- **Records for processing**:
#####

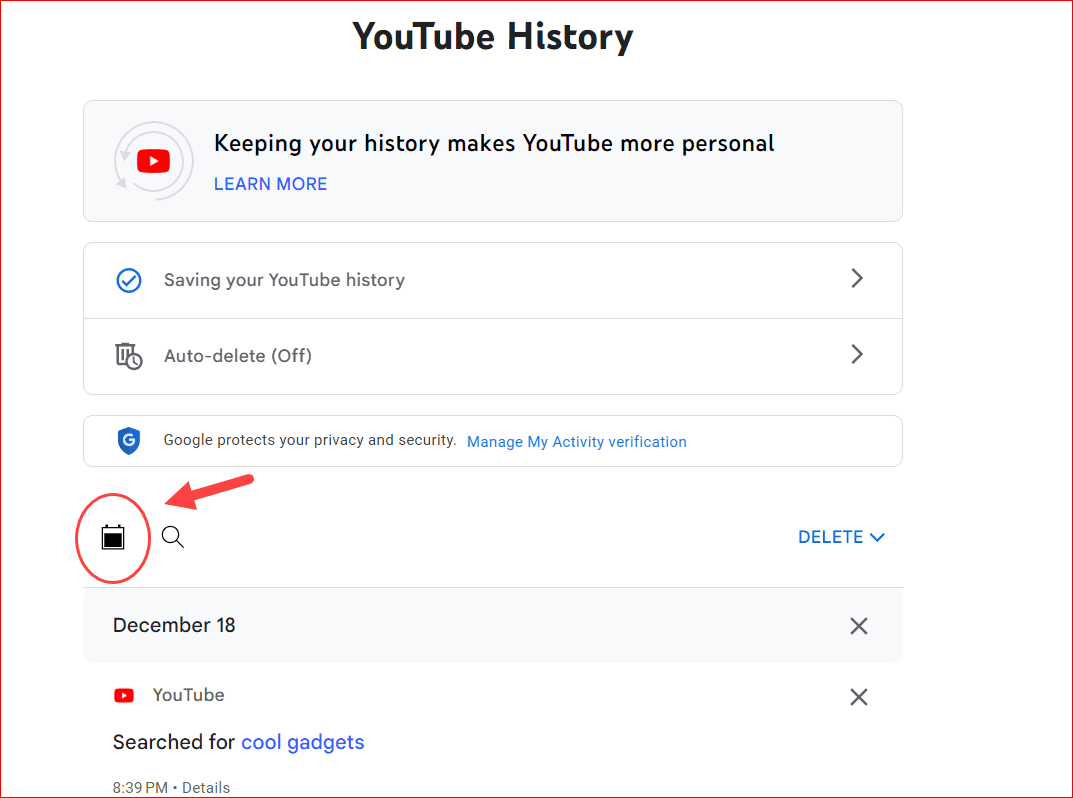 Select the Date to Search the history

#####

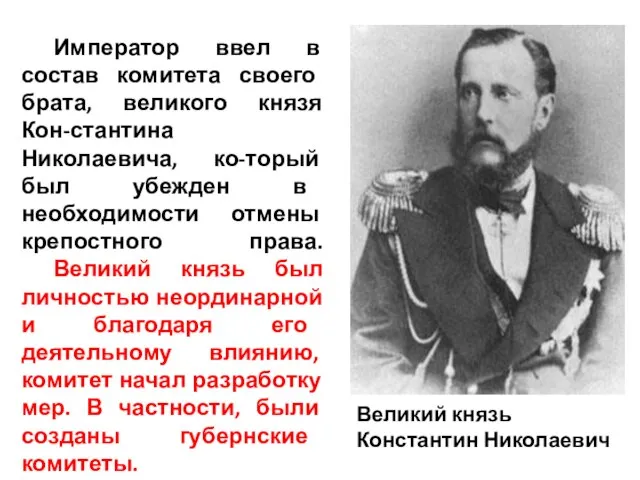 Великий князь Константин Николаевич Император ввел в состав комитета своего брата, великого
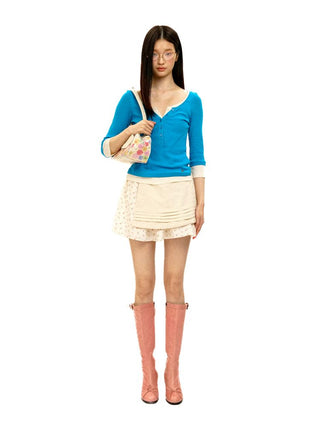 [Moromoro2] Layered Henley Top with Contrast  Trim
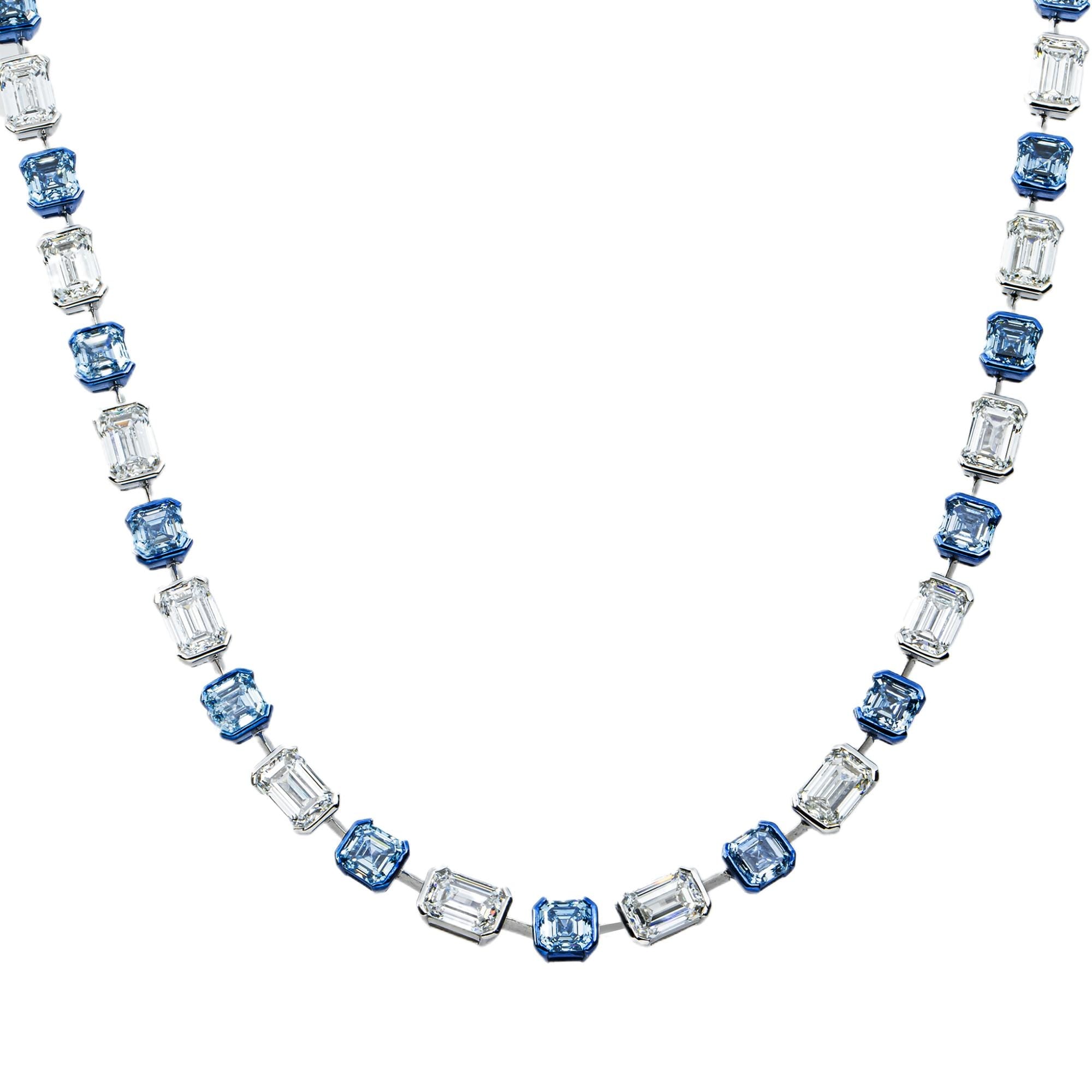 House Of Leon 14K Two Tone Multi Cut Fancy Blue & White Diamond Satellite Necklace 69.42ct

#####

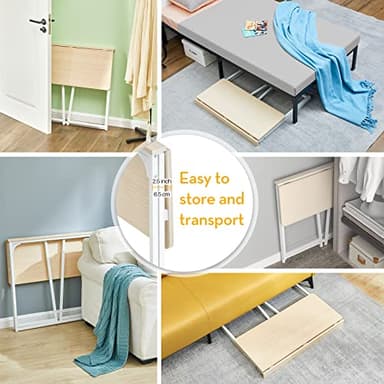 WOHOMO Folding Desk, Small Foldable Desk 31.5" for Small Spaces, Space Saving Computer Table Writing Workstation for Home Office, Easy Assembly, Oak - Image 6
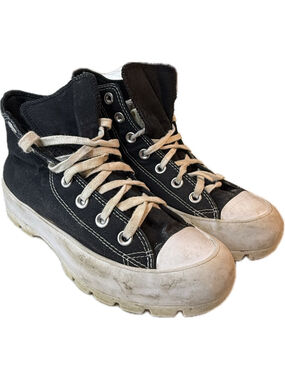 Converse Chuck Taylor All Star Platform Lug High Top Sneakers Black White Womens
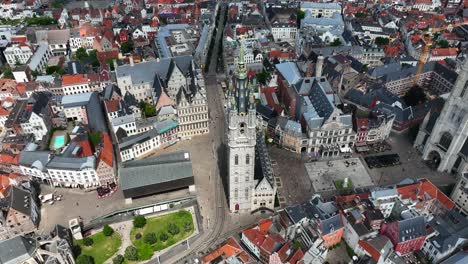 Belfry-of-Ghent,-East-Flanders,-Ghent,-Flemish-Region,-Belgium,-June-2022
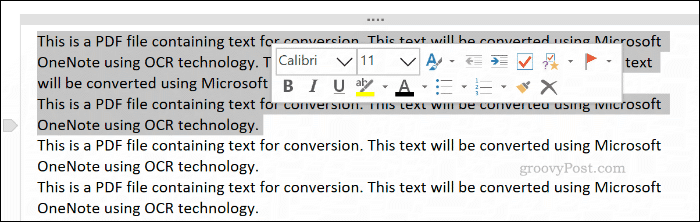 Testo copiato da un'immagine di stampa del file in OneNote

#####

- **Task**: Your answer must be everything above from the line with "[Moromoro2] Layered Henley" down to the line with "House Of Leon", word for word, and no pictures.

- **Task response**:
 [Moromoro2] Layered Henley Top with Contrast  Trim
 House Of Leon 14K Two Tone Multi Cut Fancy Blue & White Diamond Satellite Necklace 69.42ct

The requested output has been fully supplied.